BEGIN Record set

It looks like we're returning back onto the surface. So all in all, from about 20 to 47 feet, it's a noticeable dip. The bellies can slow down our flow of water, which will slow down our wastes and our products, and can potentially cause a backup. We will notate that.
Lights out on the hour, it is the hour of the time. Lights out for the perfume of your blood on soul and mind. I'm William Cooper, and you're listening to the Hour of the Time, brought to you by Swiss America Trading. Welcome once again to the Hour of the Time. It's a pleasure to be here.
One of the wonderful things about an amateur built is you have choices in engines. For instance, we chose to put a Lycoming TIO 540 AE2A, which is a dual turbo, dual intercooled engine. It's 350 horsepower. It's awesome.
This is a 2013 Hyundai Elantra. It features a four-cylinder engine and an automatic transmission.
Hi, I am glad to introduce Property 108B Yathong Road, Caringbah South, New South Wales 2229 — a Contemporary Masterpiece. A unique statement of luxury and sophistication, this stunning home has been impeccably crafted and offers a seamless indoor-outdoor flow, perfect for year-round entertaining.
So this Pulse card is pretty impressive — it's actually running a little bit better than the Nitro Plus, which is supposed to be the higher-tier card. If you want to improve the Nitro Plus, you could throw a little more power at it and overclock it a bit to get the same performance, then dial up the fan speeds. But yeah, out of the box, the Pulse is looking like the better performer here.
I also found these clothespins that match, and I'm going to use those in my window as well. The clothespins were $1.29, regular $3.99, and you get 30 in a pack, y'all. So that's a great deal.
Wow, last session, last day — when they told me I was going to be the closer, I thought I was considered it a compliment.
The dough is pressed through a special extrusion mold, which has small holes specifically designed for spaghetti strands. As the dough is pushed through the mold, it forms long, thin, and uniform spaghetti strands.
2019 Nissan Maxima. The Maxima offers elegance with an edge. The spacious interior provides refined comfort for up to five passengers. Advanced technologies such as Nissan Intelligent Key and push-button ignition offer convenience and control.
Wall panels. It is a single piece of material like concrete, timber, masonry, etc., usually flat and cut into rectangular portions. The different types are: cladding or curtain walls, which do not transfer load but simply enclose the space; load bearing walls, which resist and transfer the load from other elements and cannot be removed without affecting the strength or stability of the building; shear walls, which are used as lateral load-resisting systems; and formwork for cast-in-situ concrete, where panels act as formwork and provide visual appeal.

END Record set

▸ Problem statement
In the records above, find the lines containing "offers" and copy them.

▸ Solution for this problem
Hi, I am glad to introduce Property 108B Yathong Road, Caringbah South, New South Wales 2229 — a Contemporary Masterpiece. A unique statement of luxury and sophistication, this stunning home has been impeccably crafted and offers a seamless indoor-outdoor flow, perfect for year-round entertaining.
2019 Nissan Maxima. The Maxima offers elegance with an edge. The spacious interior provides refined comfort for up to five passengers. Advanced technologies such as Nissan Intelligent Key and push-button ignition offer convenience and control.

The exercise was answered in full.